▸ **How to complete this task**:
Copy, word for word, the line containing "Ethel Peridot Cross Pendant" and each line that follows it in the entries below; pictures do not belong in the copy.

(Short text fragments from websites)
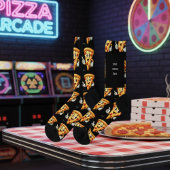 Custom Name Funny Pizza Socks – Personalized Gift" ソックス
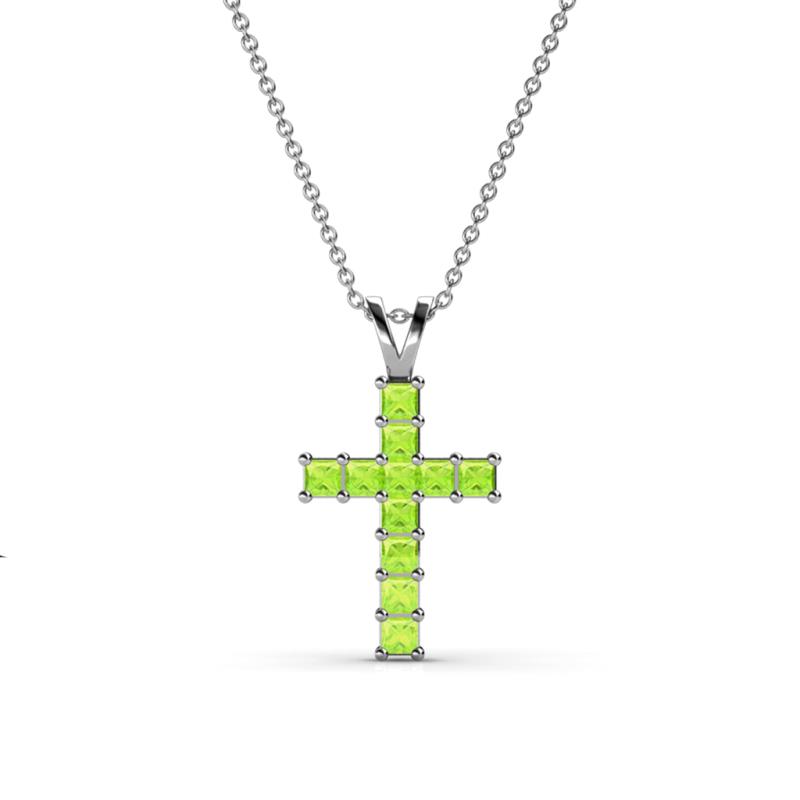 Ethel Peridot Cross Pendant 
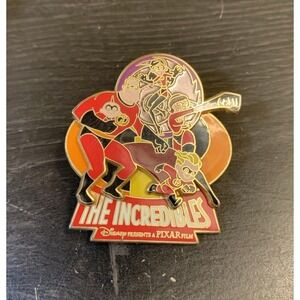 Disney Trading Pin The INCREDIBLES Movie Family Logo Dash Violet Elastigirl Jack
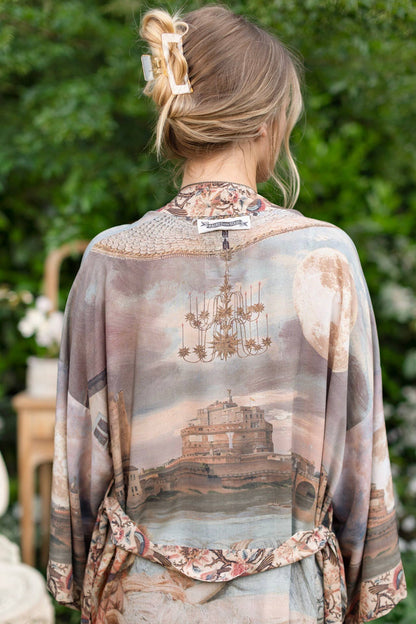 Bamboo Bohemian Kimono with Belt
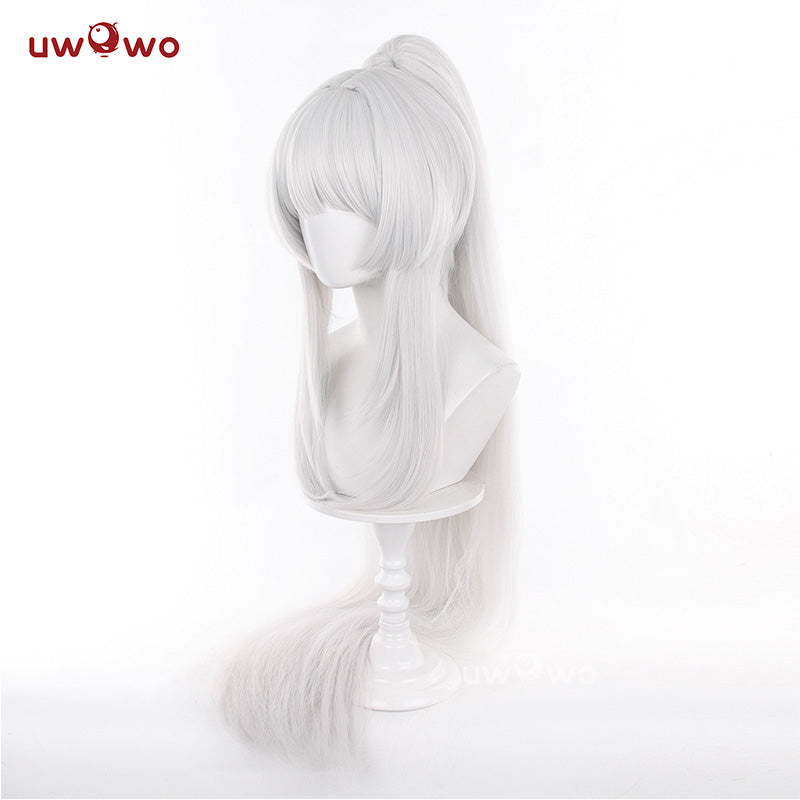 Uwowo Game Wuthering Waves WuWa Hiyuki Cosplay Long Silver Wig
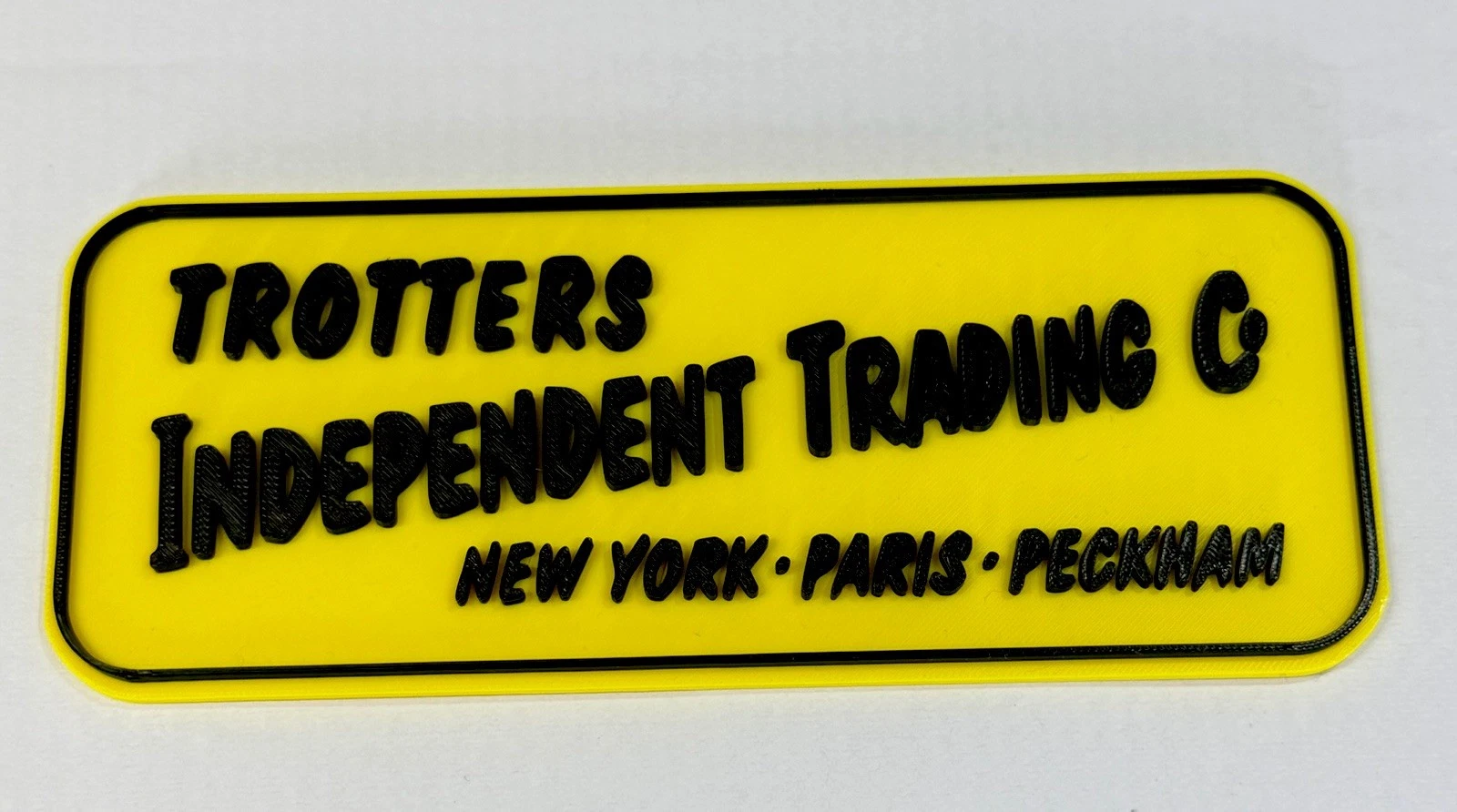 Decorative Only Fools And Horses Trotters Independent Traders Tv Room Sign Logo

▸ **Output below**:
 Ethel Peridot Cross Pendant 
 Disney Trading Pin The INCREDIBLES Movie Family Logo Dash Violet Elastigirl Jack
 Bamboo Bohemian Kimono with Belt
 Uwowo Game Wuthering Waves WuWa Hiyuki Cosplay Long Silver Wig
 Decorative Only Fools And Horses Trotters Independent Traders Tv Room Sign Logo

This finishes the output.